Most recently, Shell was forced to shut down crude oil exports from the 400,000 barrel-per-day Forcados terminal in the Western Niger Delta, one of Nigeria's main export terminals, after it discovered a leak in one of the subsea crude export pipelines supplying the facility on March 4. As the company repairs the line, it has declared a "force majeure" on its Nigerian oil exports, which relinquishes the company from contractual obligations due to unexpected developments beyond its control.
The incident is the latest in a spate of episodes that have forced the company to temporarily suspend production. For instance, late last month, Shell shut down its 150,000 barrel-per-day Nembe Creek pipeline due to attacks that had resulted in the loss of more than 60,000 barrels of oil per day, according to Mutiu Sunmonu, head of Shell's Nigeria unit.
How Shell plans to address the threat
With these incidents suggesting that oil theft and attacks on company infrastructure will remain a problem for the foreseeable future, Shell is more eager than ever to turn things around. As part of a strategic review of its Nigerian operations, it has put up for sale its stake in four oil blocks that it owns jointly with French oil major Total (TTE -1.19%) and Italy's Eni (E -0.89%) in the sabotage-prone Niger Delta region. It also hopes to find a buyer for its troubled Nembe Creek pipeline.
Several of Shell's peers are also scaling back their Nigerian operations due to security concerns. Total, for instance, sold a fifth of its stake in an offshore Nigerian oil field to state-owned China Petrochemical (SHI)for roughly $2.5 billion in November 2012, while Chevron (CVX -2.03%) last year announced the sale of five oil blocks in Nigeria's shallow waters.
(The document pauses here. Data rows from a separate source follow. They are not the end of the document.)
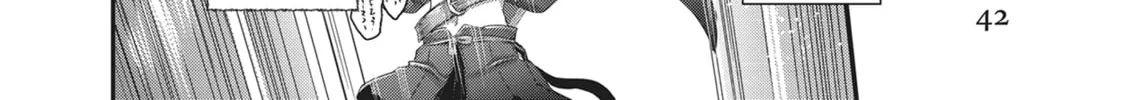 Reincarnated as a Sword Chapter 67 page 16 - 
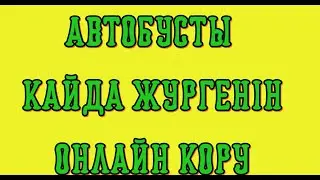 Автобусты қайда жүргенін онлайн көру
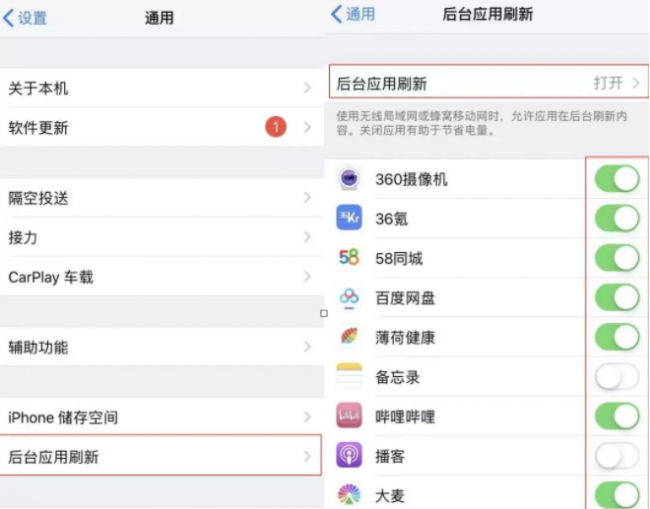 苹果手机怎么清理内存空间软件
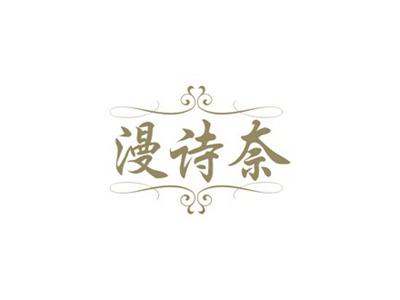 漫诗奈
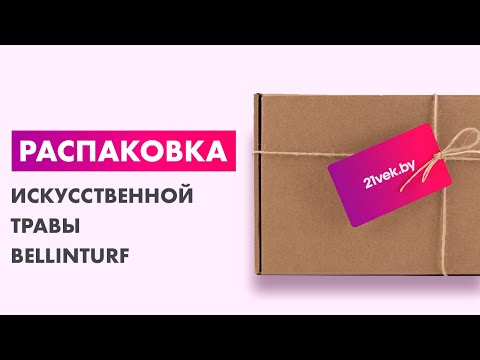 Миниатюра изображения товара Искусственная трава Bellinturf Green Planet 203 20мм (2x5м)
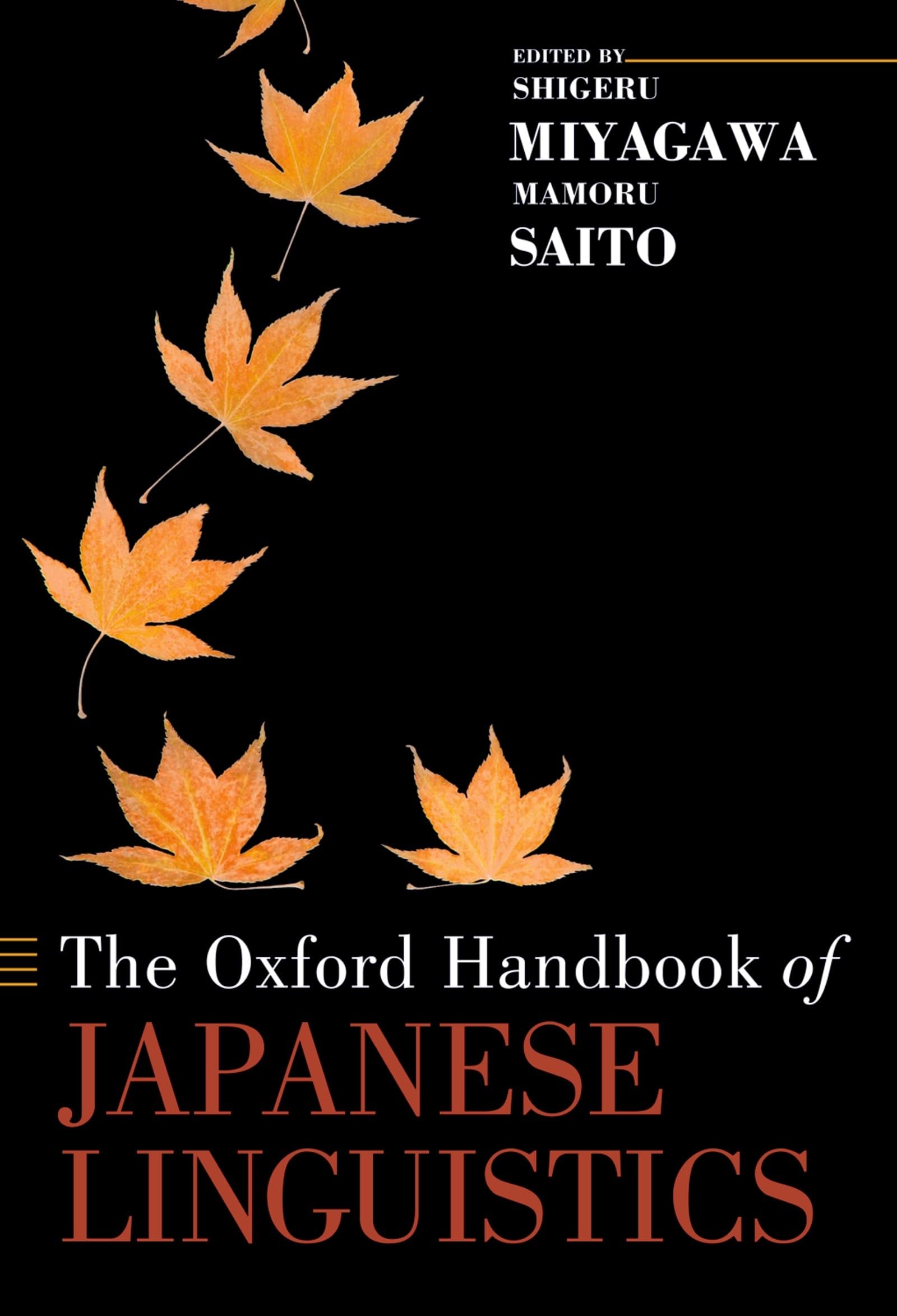 OXFORD HANDBOOK OF JAPANESE LINGUISTICS book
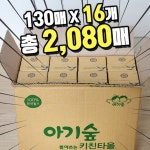 아기숲 뽑아쓰는 키친타올 130매 x16개 : 맘픽아이템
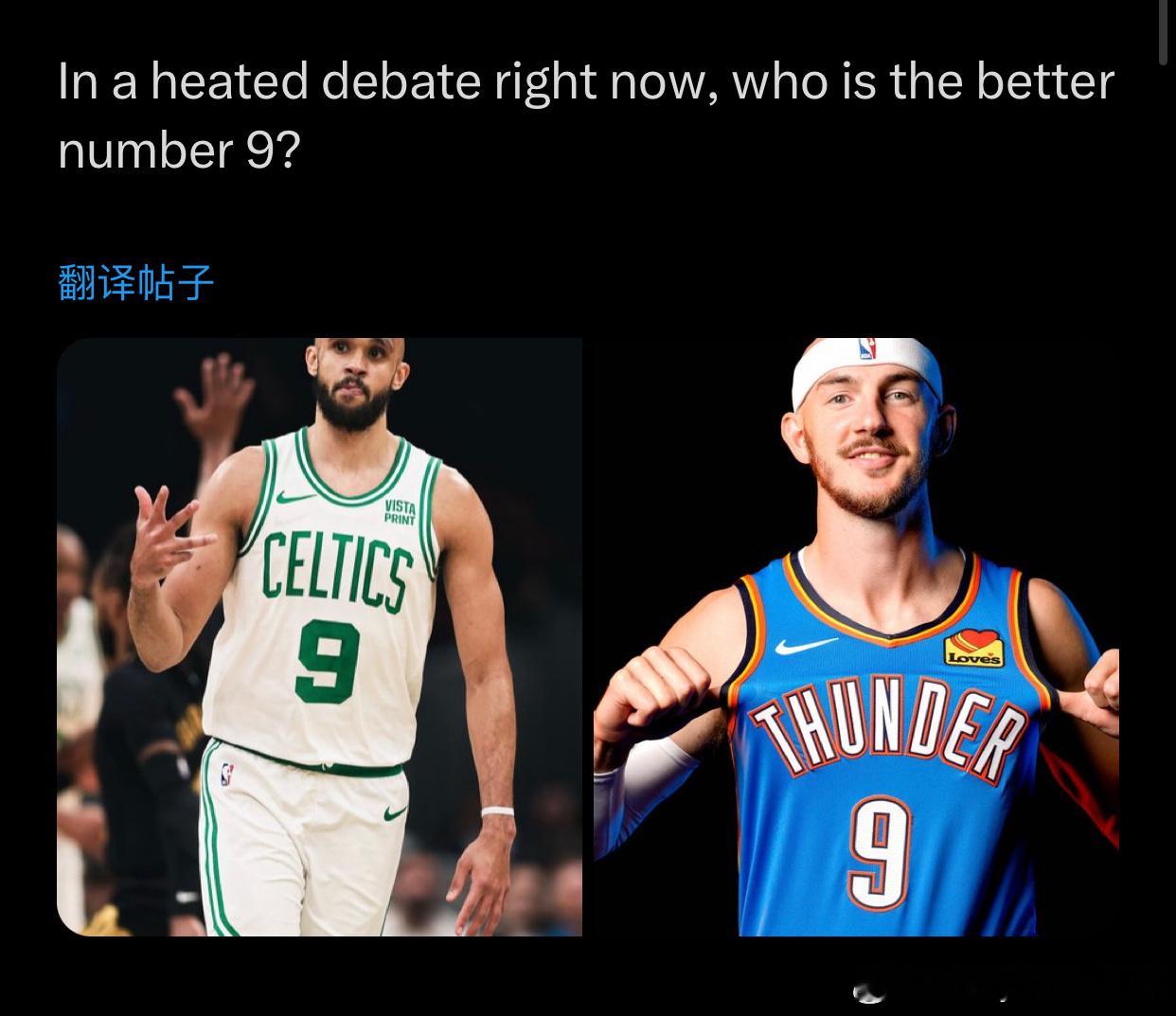 外网热议：谁是更好的9号球员？ ​​​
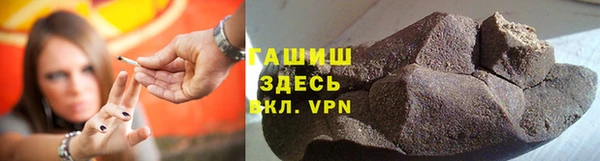 каннабис Алексеевка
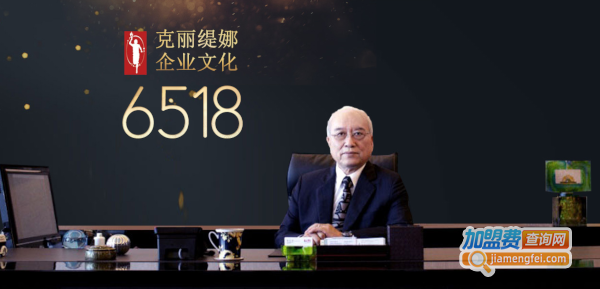 克丽缇娜美容院加盟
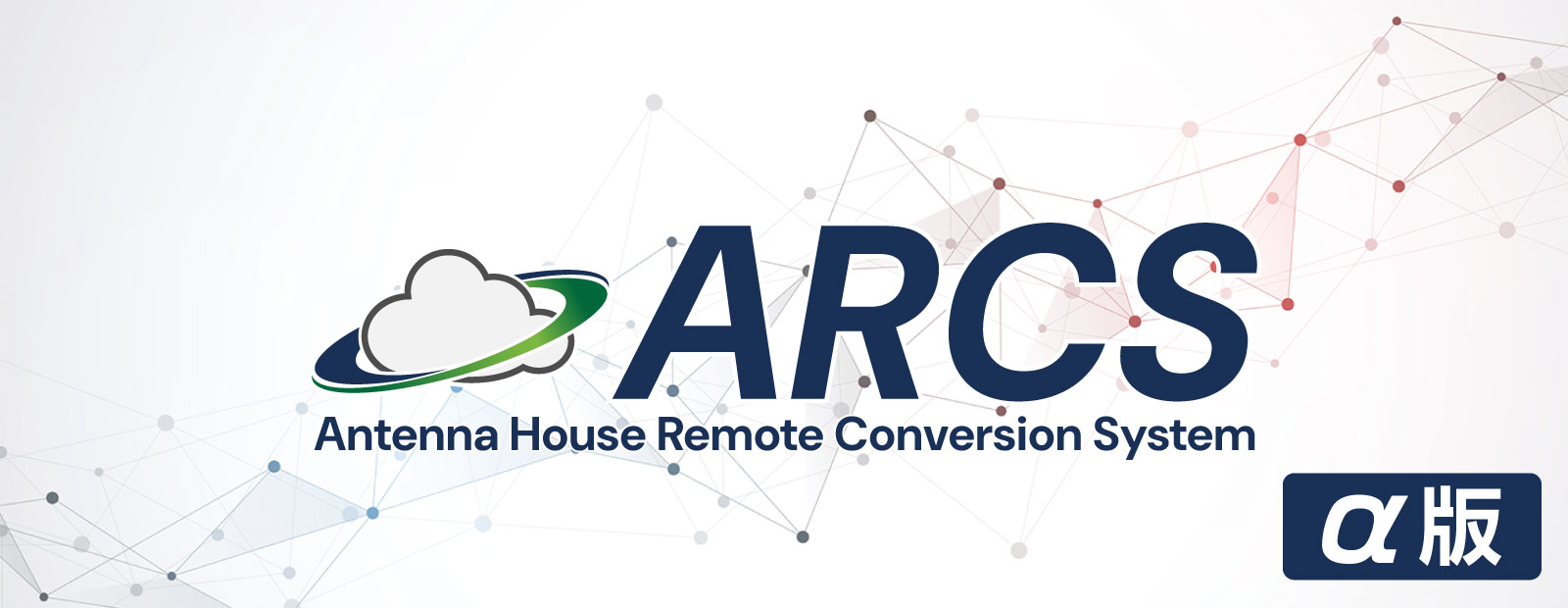 ネットワーク越しにプログラムレスの変換を実現『Antenna House Remote Conversion System(ARCS) α版』をリリース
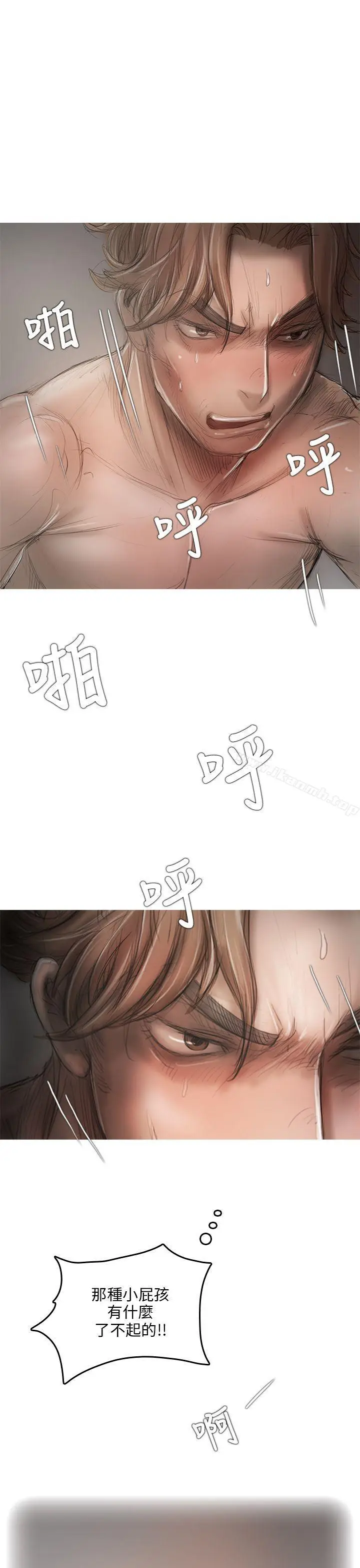 漫画《开发性味蕾》第8话第20张图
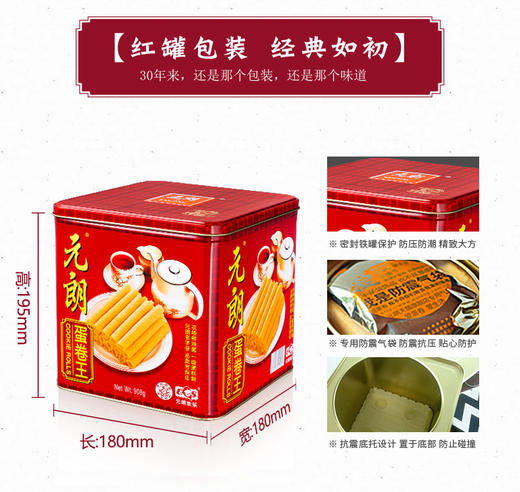 【元朗】 蛋卷王908g 商品图2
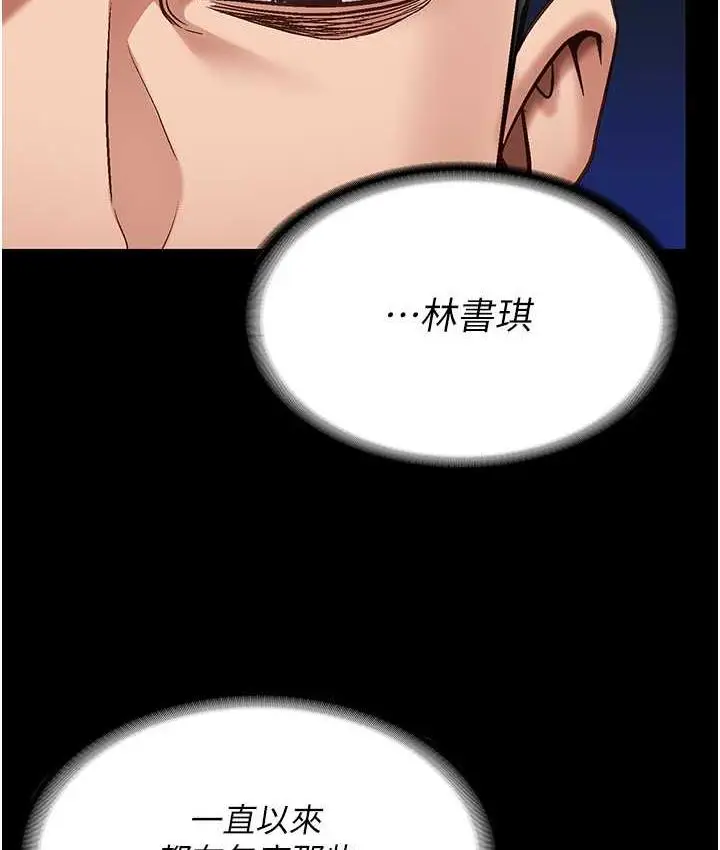 漫画《监狱女囚》第54话第2张图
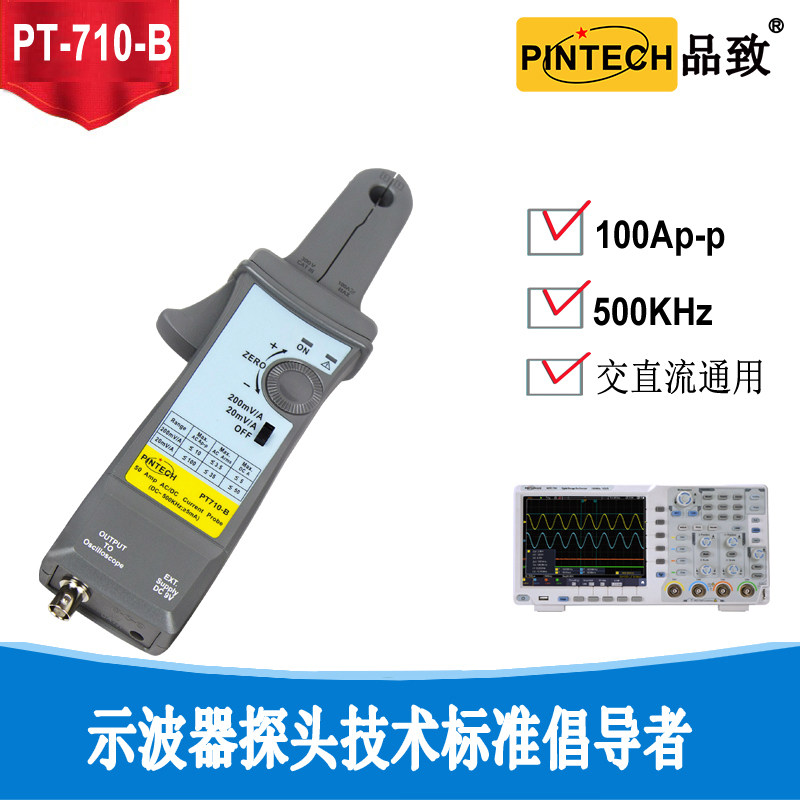 PINTECH PT710 - B high - frequency clamp - type oscilloscope current probe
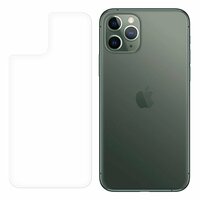 Protecteur arrière en verre trempé iPhone 11 Pro - Dureté 9H Protection anti-rayures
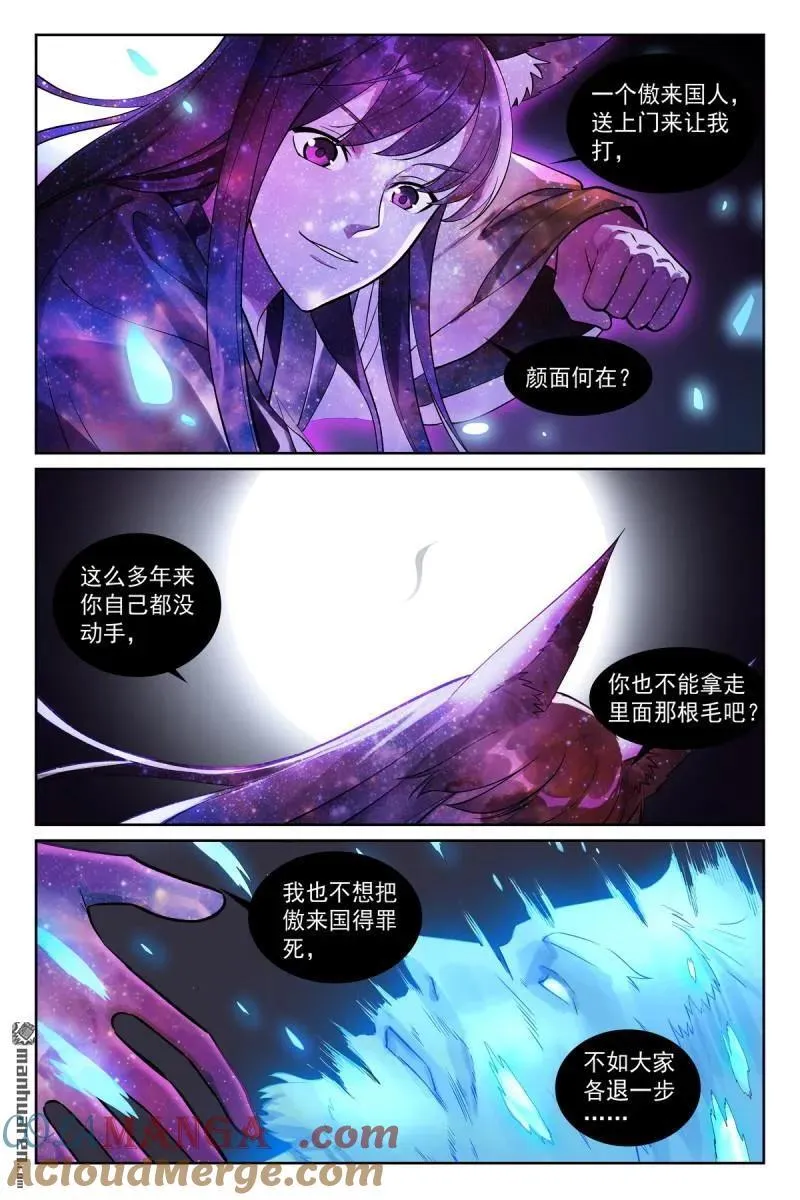 第569回 我和三儿不同 第4页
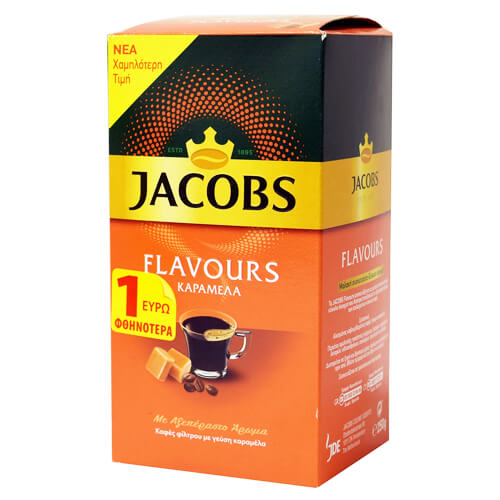 JACOBS ΚΑΦΕΣ ΦΙΛΤΡΟΥ 250gr. - (ΚΑΡΑΜΕΛΑ) (-1.00€)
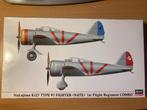 Hasegawa	1:72	978	Nakajima Ki27 Type 97 Fighter, Ophalen of Verzenden, Nieuw, 1:72 tot 1:144, Hasegawa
ConocoPhillips (COP -1.34%), meanwhile, sold its entire Nigeria unit to Toronto-listed Oando Energy Resources for $1.8 billion in cash in December 2012.
Commodity traders including Glencore and Mercuria are among the organizations to express interest in purchasing Shell's Nigerian oil assets, including its 30% stake in the four Niger Delta oil blocks and its 60-mile Nembe Creek oil pipeline. A Shell representative said the company has generated interest from more than 100 bidders for the assets, with 20 bidders still in contention.
If the company can attract a fair offer from one of these bidders, it will move closer toward its asset sale target of $15 billion through 2015 -- a strategy that should help it close the gap between its spending and operating cash flow.
A long overdue, yet good move for Shell
Though one could argue that Shell, which has been operating in Nigeria for decades, should have sold its sabotage-prone Niger Delta assets long ago, at least the company is finally taking the necessary steps to address the situation. Its decision is shaped by Shell's new "fix or divest" strategy, which seeks to either improve or unload underperforming businesses.
The move should pan out to be a good one. Not only will it reduce the company's exposure to continuing security concerns in Nigeria, it will generate much-needed cash to meet its $15 billion divestment target. As Shell follows through with its new strategy for dealing with underperforming businesses, the company should gradually improve its returns on capital and cash flow, allowing for stronger dividend growth over the next few years.